Kültür yıkımı

2023-07-06 18:38:21

İslam Ümmetinin kültürel durumuyla ilgilenenler, bu ümmetin uzun tarihi boyunca ve özellikle Peygamber efendimizin (s.a.a) vefatından sonra çok sayıda yıkım girişimine maruz kaldığını görmektedir. İslam ümmetinin düşmanları küçük büyük demeden hiçbir boşluğu ve fırsatı kaçırmıyor ve bu yolda kullanıyor.

Kapsayıcılık ve bilimsel metodoloji ile nitelenen çağdaş dönemde bu yıkıcı çabalar zirveye ulaşırken, düşmanların yıkımı ümmetin içinden başlatabilmesi ve bunun mekanizması ile finansmanını sağlamayasıyla birlikte bu kültür yıkımı saldırgan bir şekilde genişleyip büyüdü.

Araştırma ve çıkarımların sonucunda gözlemciler bu savaşın yöneldiği en önemli kültürel olgunun Kur’an-ı Kerîm olduğunu anlayabilir. Zira, İslam kültürüne karşı yıkıcı savaşın ön cephesinde yer alırken, kutsal kitaba saldırı için para ve insan gücü toplanıyor. Savaş bazen ilahi bir vahiy olması açısından Kur’an’a meydan okunarak, bazen içerisinde çelişkiler aranarak, bazen de toplumsal kavramlara göre veya zaman- mekana uymadığı bahaneleriyle reddedilerek yürütülmüştür.

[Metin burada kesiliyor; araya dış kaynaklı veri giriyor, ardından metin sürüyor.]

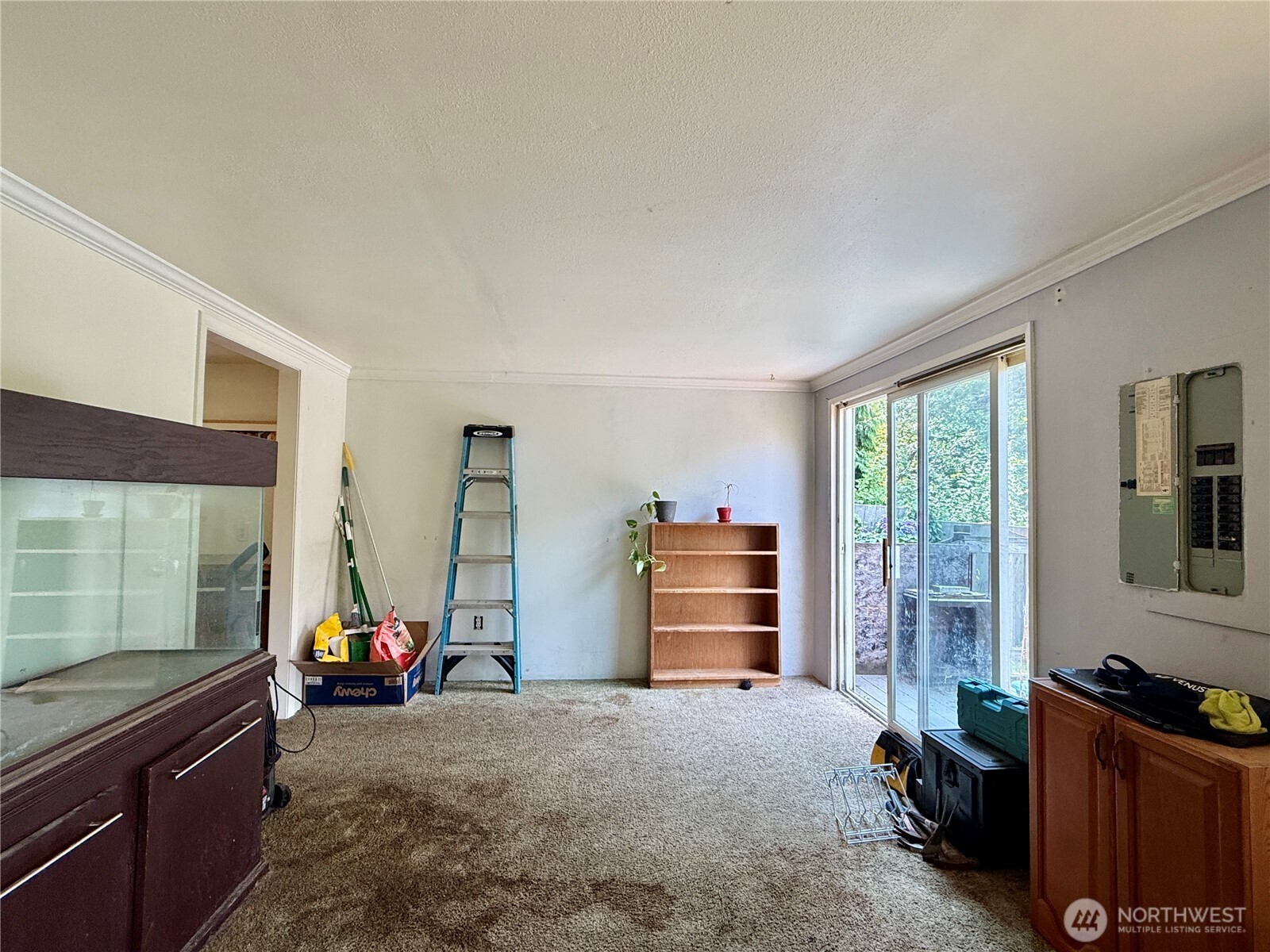 3719 Commercial Avenue Property Photo 8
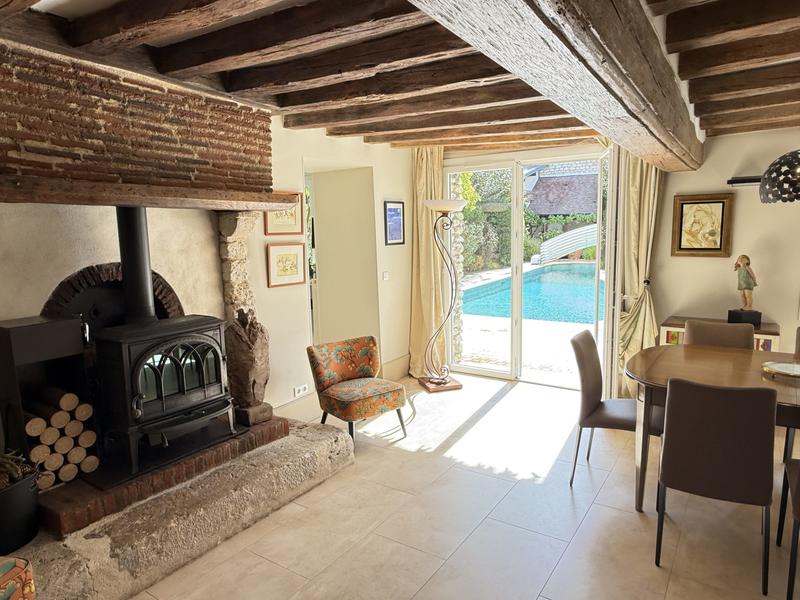 Maison ancienne - 251 m² - 7 pièces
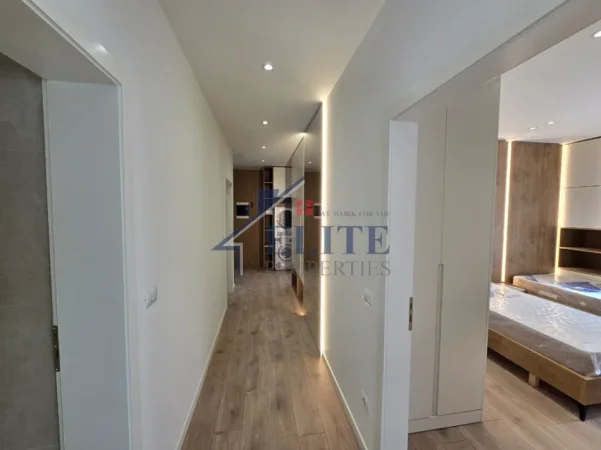 Tirane, jepet me qera apartament 2+1+Ballkon Kati 5, 100 m² 1.100 € (Zogu i Zi)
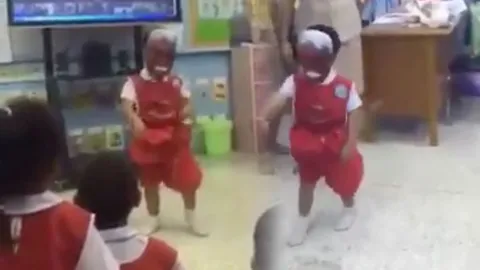 แจ้งเกิดอีก! หนูน้อย 4 ขวบ โชว์เต้นพรานบุญหน้าห้องเรียนสุดน่ารัก (ชมคลิป)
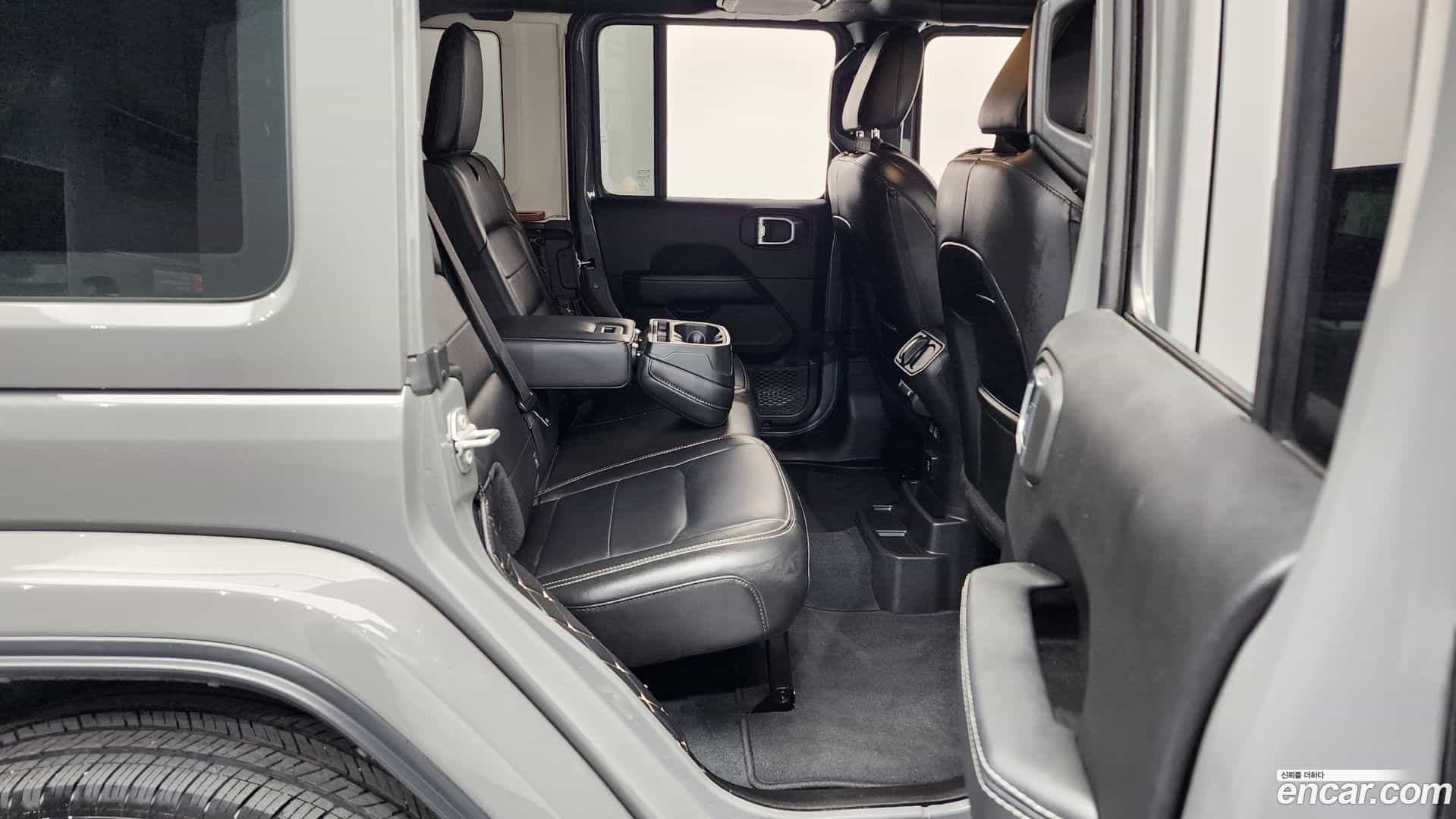 Wrangler Jeep 2022.4-OPTION-016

Özellikle İslam ümmeti Hz. Muhammed (s.a.a) ve ailesinin (a.s) temsil ettiği temel yasama kaynaklarından uzaklaştıktan sonra tevil operasyonları da yapılarak ana hedefe ulaşılması engellendi. Böylece düşman karşısında ümmetteki boşluklar ve açıklar çoğaldı.

Ehemmiyeti, konumu ve rolü Kur'an-ı Kerim'den ayrı olmayan ve bu savaş nereye yönelirse yönelsin hedef haline getirilen ikinci unsur ise, Peygamber efendimizin (s.a.a) pâk sünnetidir. Zira hadisi şeriflerde, sonradan eklentiler yapmak, tahrif etmek ve tevil ile manasını bozmak açısından Kur’an-ı Kerîm’den daha uygun bir zemin bulunmuştur.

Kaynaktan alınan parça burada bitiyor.